Deformation Adaptability Judgement

After the above steps, there exists at most one fixed primitive in each azimuth template. Because the observation angle is changeable, the matching model needs to have a certain deformation adaptability; hence, an adaptability model is designed to improve the ability to resist intra-class deformation in this paper, as shown in Fig. 4.

For quantitative descriptive variables, the single primitive deformation and cumulative primitive deformation are defined as follows:

$$ D_{{f_{1} (x)}} = \frac{1}{{\sigma \sqrt {2\pi } }}e^{{ - \frac{{(x - \mu )^{2} }}{{2_{{\sigma^{2} }} }}}} $$
(1)
$$ D_{{f_{2} (x)}} = \sum\limits_{i = 1}^{n} {f_{1} (x)} $$
(2)

where the single primitive deformation \(D_{{f_{1} (x)}}\) is expressed as the displacement in the position between the actual primitive of a monomer and the standard primitive of a monomer, the accumulation primitive deformation \(D_{{f_{2} (x)}}\) is expressed as the accumulation displacements of all primitives in the SBA.
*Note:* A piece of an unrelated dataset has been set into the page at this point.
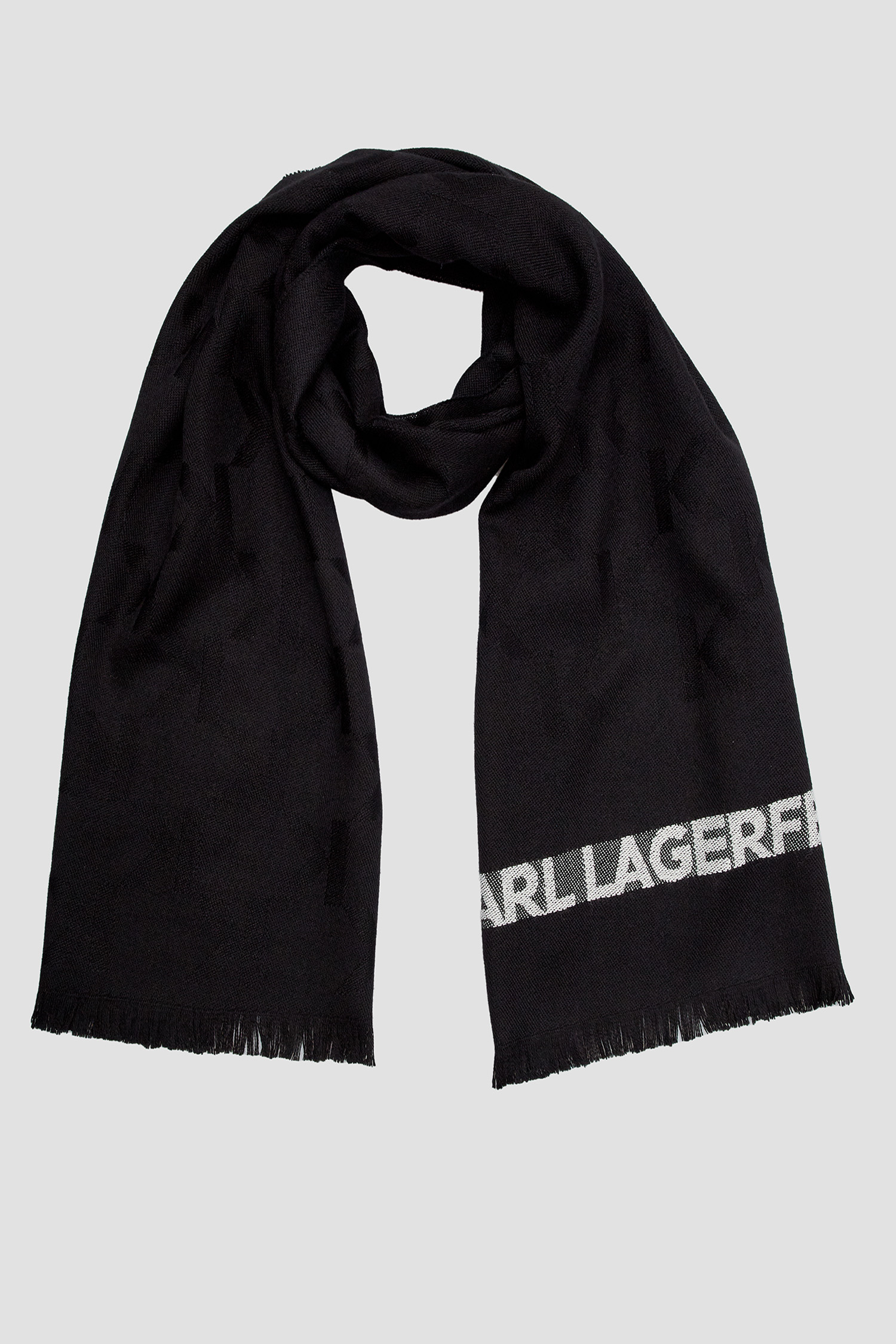 Мужской черный шерстяной шарф с узором Karl Lagerfeld 534135.805001;990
Based on the above two deformations, we propose an anti-deformation criterion, which is shown below:

$$ D_{f(x)} = \sum\limits_{i = 1}^{n} {f_{1} (x) < T_{2} \le nT_{1} } $$
(3)

When the offset between each primitives and standard position is less than threshold T1, and the accumulation offset of all primitives is less than threshold T2, all primitives to be detected are determined as a target.

Results and Discussion

Datasets and Indicators Definition

In this paper, our experimental datasets consist of publicly available Google Earth and GaoFen-2 satellites with 1200 optical images, resolution ranges from 0.8 to 2 m, and size ranges from 2000 × 2000 pixels to 15,000 × 15,000 pixels. There are 820 images in the general datasets, most of which are single monomer or simple-structured buildings, the remaining 380 images in the complex datasets, and most SBAs in complex datasets are clustered by several monomer buildings. Two hundred images are randomly selected from the two datasets at a ratio of 3:1, respectively. And the building area patches are captured as positive samples; moreover, the confusing not building patches are labelled as negative samples, such as paths and farmland; some typical examples are shown in Fig. 6. All the experiments were programmed using MATLAB 2016a. The experimental platform was a PC with a 3.6 GB CPU and 64 GB of server memory.

Fig. 6
figure 6

General datasets and complex datasets. The example of building area patches and confusing not building patches

We use the precision and recall as indicators for evaluating our method.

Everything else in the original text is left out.